C'est pourquoi la proposition de résolution déposée en juin 2003 40 ( * ) par M. Michel Herbillon, à la suite du rapport d'information précité, recommande que « l'enseignement obligatoire de deux langues étrangères devienne la norme dans l'Union européenne élargie, tandis que l'apprentissage des nouvelles langues de l'Union devrait être favorisé dans les systèmes éducatifs européens ».

Il importe non seulement de promouvoir l'enseignement des langues des pays de l'Est, polonais, tchèque, hongrois, mais aussi du russe, en tant que futur pays voisin.... En effet, si la diffusion de cette langue tend à se réduire fortement dans les établissements des pays d'Europe centrale, depuis la chute du communisme, son enseignement concerne encore près de la moitié des élèves dans les pays baltes et le quart en Pologne.
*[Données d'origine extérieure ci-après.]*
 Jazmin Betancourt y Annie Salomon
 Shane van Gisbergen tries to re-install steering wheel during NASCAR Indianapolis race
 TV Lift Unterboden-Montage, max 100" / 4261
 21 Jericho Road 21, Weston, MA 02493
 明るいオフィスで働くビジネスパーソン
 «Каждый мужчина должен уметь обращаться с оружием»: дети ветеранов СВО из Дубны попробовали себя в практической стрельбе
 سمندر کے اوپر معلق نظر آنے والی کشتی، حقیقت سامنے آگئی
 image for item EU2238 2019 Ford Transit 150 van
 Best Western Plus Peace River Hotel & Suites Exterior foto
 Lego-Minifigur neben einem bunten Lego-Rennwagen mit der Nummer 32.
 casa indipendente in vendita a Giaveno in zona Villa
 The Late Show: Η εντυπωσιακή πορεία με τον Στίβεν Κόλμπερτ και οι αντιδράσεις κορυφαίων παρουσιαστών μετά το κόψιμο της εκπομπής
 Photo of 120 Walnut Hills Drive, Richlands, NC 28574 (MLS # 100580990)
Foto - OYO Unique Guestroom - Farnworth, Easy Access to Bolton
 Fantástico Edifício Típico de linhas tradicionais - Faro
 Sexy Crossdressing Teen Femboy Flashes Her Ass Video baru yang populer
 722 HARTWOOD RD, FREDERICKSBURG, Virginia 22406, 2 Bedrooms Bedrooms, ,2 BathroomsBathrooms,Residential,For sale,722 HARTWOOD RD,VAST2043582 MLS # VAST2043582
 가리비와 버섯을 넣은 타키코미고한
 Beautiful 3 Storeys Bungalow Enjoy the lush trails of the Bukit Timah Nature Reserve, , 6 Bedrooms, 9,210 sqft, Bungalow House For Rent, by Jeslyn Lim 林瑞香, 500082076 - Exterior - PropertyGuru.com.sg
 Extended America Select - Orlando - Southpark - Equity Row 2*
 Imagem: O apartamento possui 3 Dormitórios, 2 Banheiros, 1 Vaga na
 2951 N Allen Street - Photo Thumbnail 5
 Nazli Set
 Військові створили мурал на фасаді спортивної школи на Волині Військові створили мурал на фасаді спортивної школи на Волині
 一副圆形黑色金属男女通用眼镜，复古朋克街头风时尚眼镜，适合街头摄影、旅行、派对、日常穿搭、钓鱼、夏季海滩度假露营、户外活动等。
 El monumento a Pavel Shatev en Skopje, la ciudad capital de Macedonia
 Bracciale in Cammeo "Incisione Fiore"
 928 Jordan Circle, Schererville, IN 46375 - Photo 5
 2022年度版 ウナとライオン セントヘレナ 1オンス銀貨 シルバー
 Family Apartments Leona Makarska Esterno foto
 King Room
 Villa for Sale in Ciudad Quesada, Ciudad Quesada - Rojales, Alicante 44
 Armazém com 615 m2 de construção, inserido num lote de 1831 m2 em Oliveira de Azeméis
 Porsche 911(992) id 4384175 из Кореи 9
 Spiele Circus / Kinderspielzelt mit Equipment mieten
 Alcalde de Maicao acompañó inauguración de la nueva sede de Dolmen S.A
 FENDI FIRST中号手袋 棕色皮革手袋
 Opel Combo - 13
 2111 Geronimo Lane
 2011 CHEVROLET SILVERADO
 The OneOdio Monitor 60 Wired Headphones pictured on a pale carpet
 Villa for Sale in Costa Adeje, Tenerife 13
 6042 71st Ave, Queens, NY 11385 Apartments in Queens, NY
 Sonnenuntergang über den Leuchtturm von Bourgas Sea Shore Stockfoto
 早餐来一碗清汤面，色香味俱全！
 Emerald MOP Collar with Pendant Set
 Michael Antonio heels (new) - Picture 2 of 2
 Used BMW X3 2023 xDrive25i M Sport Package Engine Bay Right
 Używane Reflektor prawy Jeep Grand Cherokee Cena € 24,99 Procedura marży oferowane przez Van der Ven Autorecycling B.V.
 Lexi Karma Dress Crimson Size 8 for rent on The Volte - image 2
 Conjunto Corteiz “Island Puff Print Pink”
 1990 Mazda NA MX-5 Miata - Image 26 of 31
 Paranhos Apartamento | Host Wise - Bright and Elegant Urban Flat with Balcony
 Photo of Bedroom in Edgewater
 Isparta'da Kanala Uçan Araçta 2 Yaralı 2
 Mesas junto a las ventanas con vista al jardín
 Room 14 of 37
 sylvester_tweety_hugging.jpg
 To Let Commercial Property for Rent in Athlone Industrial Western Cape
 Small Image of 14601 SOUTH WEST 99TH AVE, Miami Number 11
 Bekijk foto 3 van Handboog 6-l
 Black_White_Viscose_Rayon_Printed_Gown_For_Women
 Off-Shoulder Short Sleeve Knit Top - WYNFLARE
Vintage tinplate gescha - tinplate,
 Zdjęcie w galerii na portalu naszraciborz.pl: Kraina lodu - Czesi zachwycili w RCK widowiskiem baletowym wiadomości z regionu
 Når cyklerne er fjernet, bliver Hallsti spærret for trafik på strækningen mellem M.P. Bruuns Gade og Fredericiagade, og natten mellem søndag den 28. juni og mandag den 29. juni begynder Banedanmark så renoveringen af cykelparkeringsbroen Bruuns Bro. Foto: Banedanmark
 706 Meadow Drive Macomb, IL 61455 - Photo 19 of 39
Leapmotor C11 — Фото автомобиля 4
Cette forme de « reconnaissance linguistique » est un premier pas pour marquer et faciliter l'intégration des nouveaux États membres dans l'Union et favoriser les rapprochements avec ces pays et leurs peuples, qui représentent des perspectives nouvelles tant en termes de débouchés économiques que de relations politiques et culturelles.

* 38 Recommandation 1383 du Conseil de l'Europe.

* 39 « Les langues dans l'Union élargie : pour une Europe en VO », n° 902, Juin 2003.

* 40 Proposition de résolution n°907, Diversité linguistique dans l'Union européenne, commission des affaires culturelles de l'AN, M. Michel Herbillon.